Fixed: T_p = T_d = 5 s, T_i = 5 s, dt = 0.05 s, T_sim = 30 s. Disturbance step at t = 5 s. FF is the gain-only form G_ff = -K_d / K_p.
Top: output y(t) (red = FB only, blue = FF+FB, grey dashed = setpoint r=0) / bottom: control input u(t) (orange = u_fb, purple = u_ff, green = total) / vertical line: disturbance at t=5 s
For a step disturbance entering a first-order process through a disturbance path, this tool compares the step response under feedback alone and under feedback combined with feedforward compensation.

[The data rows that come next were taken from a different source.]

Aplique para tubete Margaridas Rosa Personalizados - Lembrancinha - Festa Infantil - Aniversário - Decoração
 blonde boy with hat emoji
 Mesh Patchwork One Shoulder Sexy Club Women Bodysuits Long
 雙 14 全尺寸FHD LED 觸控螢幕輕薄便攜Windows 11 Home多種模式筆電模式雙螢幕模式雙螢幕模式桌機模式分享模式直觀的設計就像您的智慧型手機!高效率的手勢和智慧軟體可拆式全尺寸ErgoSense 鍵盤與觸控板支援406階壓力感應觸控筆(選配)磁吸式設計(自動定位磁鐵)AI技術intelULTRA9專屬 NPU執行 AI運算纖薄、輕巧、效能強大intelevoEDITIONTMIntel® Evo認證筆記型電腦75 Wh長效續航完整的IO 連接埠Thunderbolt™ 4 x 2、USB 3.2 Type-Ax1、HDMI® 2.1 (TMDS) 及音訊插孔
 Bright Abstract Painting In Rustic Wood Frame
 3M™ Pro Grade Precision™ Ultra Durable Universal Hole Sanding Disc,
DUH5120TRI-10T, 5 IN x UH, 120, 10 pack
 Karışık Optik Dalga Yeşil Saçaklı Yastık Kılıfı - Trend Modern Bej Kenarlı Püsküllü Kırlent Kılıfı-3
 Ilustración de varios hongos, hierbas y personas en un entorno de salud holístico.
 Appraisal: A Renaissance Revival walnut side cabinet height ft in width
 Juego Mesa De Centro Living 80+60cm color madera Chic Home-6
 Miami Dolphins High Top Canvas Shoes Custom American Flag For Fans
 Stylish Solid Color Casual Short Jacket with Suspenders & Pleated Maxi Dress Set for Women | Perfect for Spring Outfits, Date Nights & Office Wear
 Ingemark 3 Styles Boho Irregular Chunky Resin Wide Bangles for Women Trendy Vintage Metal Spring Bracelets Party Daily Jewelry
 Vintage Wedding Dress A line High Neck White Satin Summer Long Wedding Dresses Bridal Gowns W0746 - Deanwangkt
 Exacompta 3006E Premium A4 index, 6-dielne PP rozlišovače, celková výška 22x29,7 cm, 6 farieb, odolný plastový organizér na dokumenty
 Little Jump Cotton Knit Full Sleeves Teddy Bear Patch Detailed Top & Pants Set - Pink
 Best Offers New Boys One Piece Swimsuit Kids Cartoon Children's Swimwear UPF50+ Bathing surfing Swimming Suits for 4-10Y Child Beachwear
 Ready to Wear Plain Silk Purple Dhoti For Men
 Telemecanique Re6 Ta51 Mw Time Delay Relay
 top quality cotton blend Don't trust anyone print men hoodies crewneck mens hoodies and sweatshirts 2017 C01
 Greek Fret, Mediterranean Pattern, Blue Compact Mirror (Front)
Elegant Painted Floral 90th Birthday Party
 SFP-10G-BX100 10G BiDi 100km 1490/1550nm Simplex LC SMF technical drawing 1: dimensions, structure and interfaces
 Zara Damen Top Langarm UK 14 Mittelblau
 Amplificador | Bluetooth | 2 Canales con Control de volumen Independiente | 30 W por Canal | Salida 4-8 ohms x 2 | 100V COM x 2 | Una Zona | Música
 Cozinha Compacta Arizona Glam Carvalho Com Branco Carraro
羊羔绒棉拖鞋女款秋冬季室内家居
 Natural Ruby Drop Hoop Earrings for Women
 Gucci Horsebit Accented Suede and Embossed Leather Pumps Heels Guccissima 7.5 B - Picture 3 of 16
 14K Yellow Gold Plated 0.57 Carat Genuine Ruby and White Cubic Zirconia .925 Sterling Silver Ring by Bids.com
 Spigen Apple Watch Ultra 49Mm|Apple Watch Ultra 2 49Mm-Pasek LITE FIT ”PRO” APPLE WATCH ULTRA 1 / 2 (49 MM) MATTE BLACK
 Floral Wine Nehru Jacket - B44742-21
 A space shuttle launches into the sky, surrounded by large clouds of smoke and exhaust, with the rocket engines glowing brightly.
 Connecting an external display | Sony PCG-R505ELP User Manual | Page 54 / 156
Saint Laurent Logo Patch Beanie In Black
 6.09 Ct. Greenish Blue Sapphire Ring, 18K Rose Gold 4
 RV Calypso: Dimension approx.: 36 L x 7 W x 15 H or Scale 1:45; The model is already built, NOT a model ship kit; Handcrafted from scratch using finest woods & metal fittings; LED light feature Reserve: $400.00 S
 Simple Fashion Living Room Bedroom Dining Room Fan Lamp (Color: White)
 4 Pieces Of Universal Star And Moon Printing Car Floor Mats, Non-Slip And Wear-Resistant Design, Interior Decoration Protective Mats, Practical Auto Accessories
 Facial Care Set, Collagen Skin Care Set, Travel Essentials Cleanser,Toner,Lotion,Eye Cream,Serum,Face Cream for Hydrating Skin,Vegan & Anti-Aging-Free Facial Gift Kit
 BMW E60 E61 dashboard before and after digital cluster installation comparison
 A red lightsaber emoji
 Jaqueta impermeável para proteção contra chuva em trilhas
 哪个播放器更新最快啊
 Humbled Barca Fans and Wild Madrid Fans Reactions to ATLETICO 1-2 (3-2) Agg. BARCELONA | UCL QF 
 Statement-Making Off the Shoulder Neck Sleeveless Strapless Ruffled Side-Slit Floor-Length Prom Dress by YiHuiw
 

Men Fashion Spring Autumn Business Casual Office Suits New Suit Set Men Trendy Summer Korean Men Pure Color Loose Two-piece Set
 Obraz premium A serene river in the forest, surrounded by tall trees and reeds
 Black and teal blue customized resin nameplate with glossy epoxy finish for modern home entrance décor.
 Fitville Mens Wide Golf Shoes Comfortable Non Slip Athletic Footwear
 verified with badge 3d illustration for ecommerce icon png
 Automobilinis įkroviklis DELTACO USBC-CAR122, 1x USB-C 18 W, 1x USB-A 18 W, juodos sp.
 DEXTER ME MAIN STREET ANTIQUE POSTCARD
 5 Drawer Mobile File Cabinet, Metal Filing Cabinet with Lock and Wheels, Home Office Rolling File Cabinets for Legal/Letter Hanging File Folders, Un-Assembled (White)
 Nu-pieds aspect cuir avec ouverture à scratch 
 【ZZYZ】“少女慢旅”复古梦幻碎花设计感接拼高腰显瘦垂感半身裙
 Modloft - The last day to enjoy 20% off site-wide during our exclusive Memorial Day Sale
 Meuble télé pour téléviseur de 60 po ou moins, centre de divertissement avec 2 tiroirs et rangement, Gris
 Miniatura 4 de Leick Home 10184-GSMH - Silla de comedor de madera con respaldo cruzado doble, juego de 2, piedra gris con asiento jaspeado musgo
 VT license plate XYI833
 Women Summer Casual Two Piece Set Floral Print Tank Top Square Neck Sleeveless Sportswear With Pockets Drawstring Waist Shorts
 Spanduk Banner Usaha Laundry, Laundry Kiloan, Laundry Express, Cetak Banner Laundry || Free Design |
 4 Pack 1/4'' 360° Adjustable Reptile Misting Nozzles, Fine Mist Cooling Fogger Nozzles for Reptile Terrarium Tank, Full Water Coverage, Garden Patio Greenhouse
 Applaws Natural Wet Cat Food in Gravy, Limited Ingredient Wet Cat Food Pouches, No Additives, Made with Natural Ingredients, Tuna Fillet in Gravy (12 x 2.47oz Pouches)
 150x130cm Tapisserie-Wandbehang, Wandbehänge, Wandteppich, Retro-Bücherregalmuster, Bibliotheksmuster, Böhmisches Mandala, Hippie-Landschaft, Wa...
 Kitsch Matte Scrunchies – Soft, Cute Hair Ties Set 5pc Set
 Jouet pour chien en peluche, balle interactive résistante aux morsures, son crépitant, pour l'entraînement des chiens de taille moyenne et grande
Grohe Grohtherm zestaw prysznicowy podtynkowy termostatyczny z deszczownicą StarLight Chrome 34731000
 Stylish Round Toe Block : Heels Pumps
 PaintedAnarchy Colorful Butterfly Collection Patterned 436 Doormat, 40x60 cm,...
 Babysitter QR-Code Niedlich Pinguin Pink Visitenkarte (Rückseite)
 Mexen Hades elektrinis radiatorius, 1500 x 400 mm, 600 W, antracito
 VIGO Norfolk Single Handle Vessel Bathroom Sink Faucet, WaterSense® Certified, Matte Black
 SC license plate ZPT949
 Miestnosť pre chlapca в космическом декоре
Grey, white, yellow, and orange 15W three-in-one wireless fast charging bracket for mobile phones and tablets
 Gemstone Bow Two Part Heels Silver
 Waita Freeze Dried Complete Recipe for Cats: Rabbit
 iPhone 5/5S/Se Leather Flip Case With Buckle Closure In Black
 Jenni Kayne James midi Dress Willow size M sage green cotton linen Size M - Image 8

Process transfer function (control path) and disturbance-path transfer function:
$$G_p(s) = \frac{K_p}{T_p s + 1},\qquad G_d(s) = \frac{K_d}{T_d s + 1}$$The output is the superposition of the two paths:
$$y(s) = G_p(s)\,u(s) + G_d(s)\,d(s)$$PI feedback law (error e = r - y):
$$u_{fb}(t) = K_c\,e(t) + \frac{K_c}{T_i}\int_0^t e(\tau)\,d\tau$$Ideal feedforward compensator and the gain-only simplification used in this tool:
$$G_{ff}(s) = -\frac{G_d(s)}{G_p(s)},\qquad G_{ff} \approx -\frac{K_d}{K_p}$$The total control input is u = u_fb + u_ff. When T_p = T_d the gain-only form gives perfect cancellation, slashing the peak deviation.